Danish developer makes one last push for cooperation
A report on Slashdot makes public one Danish FreeBSD developer's moral and financial issues with D-Link as a company regarding unapproved use of his NTP server. Poul-Henning Kamp, a Danish citizen, has approached D-Link Corporation numerous times regarding the issues he has with the company's products including his NTP server in a hard-coded list which their routers ship with. In an open letter, Poul-Hening Kamp clearly states his concerns over D-Link's unapproved use of his NTP server. A number of D-Link products, so far I have at least
identified DI-604, DI-614+, DI-624, DI-754, DI-764,
DI-774, DI-784, VDI604 and VDI624, contain a list of
NTP servers in their firmware and using some sort of
algorithm, they pick one and send packets to it.
This is about as wrong a way to do things as one can
imagine.

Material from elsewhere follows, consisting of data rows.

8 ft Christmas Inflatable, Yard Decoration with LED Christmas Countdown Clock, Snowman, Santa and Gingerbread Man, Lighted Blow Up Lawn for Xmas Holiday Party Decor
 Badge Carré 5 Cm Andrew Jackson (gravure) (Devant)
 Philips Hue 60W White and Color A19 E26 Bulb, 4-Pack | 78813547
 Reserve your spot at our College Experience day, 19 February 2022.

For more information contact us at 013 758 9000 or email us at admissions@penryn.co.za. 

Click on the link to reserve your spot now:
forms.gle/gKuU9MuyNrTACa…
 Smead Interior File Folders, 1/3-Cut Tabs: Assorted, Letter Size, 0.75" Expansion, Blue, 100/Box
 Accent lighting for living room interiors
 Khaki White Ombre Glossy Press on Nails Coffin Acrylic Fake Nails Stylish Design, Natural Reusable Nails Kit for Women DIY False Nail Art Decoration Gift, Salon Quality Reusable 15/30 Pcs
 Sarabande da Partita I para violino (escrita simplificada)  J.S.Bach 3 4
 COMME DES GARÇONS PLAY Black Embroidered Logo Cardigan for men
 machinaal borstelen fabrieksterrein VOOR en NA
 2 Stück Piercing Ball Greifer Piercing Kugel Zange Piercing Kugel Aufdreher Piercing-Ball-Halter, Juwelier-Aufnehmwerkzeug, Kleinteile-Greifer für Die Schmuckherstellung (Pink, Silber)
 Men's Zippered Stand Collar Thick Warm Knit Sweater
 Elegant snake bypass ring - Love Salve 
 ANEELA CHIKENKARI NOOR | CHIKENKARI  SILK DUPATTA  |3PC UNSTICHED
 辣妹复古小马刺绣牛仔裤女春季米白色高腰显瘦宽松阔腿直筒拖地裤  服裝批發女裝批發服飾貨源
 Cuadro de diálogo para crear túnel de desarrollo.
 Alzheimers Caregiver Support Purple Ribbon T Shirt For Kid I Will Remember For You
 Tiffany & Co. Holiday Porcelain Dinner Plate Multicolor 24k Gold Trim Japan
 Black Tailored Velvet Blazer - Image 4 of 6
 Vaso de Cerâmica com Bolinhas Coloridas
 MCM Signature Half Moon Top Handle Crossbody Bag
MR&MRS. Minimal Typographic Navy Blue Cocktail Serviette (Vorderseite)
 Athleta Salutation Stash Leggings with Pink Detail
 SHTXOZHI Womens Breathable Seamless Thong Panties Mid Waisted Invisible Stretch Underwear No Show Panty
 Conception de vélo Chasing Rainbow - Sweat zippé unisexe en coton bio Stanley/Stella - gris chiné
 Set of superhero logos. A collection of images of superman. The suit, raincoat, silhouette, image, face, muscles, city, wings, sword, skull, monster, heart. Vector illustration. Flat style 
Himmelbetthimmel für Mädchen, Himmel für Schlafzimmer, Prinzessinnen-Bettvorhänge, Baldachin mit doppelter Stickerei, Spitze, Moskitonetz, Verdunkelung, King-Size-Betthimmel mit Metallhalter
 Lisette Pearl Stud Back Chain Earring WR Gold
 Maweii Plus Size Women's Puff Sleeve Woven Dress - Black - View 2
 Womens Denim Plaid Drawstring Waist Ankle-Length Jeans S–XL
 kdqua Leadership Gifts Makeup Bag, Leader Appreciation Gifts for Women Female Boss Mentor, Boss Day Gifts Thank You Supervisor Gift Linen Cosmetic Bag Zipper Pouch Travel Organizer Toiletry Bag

There is no way D-Link can
change the list once the product is shipped, unless
D-Link can persuade the customer to upgrade the firmware.
Poul-Henning Kamp goes on to explain how NTP can be integrated in the right way to avoid certain legal and security issues with other entities, claiming:
The correct way, as I have
pointed out to D-Link repeatedly, is to query a D-Link
controlled DNS entry like "ntp.dlink.com" and populate
this DNS entry with the list of NTP servers to be queried.
That would allow D-Link to add or remove servers from the
list by changing the DNS server files and all deployed
devices would automatically see the update next time.
As it stands, about 75-90% of packets seen on this open NTP server are said to originate from D-Link devices. Also, even if the IP address of the open server is changed, D-Link's devices will still be able to find it because of the hardcoded domain name associated with it. This is why Kamp has approached D-Link for its cooperation but has not been so lucky in seeing any efforts to resolve the issue besides lawyers trying to pay him off, Kamp states in on his website. Netgear had also been involved in a similar situation where they basically took down the University of Wisconsin's network.